[[ Dataset excerpt, beginning ]]
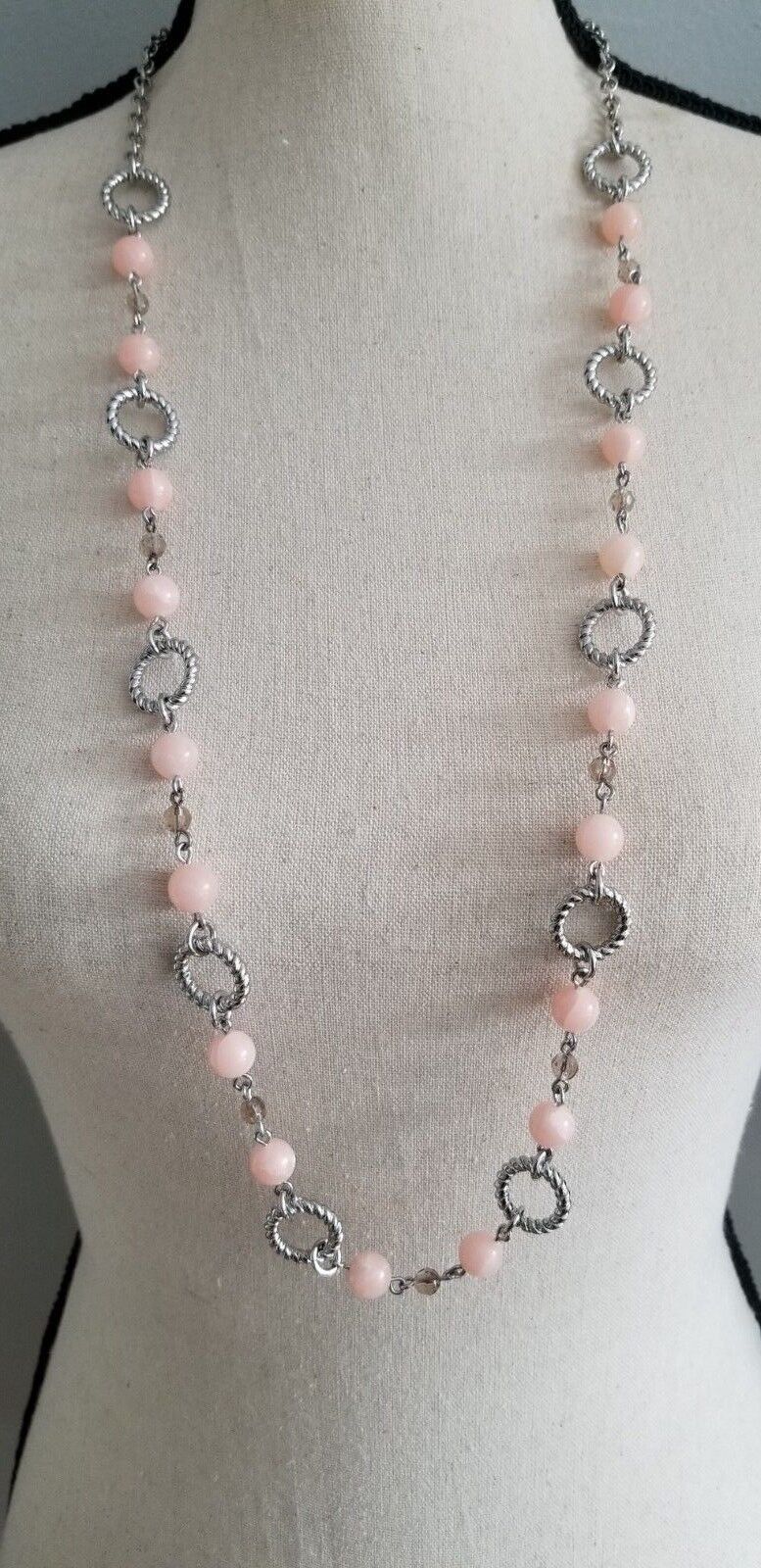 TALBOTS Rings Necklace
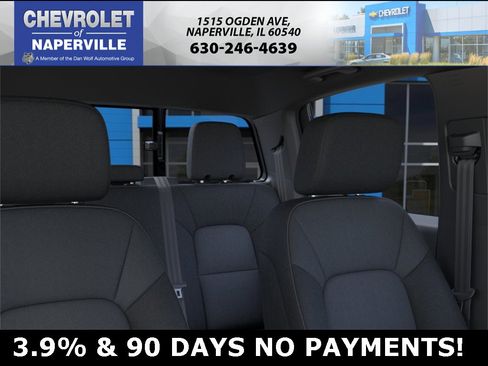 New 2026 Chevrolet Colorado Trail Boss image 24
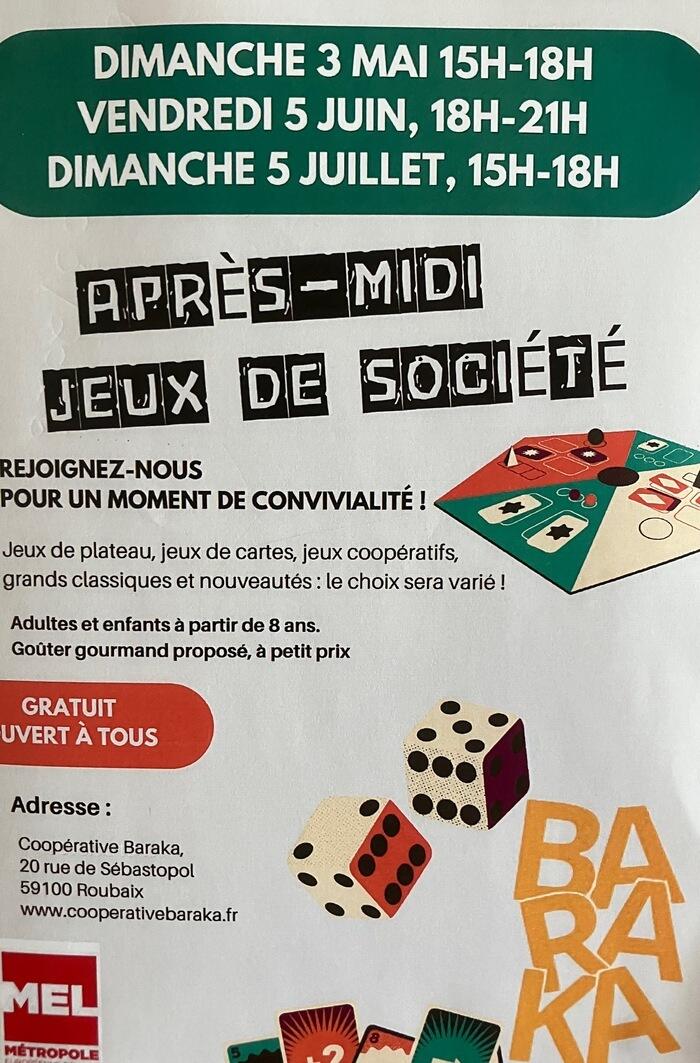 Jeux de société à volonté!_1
[[ Dataset excerpt, end ]]
Wherever a picture appears, omit it; copy the rest of the data exactly.

 TALBOTS Rings Necklace
 New 2026 Chevrolet Colorado Trail Boss image 24
 Jeux de société à volonté!_1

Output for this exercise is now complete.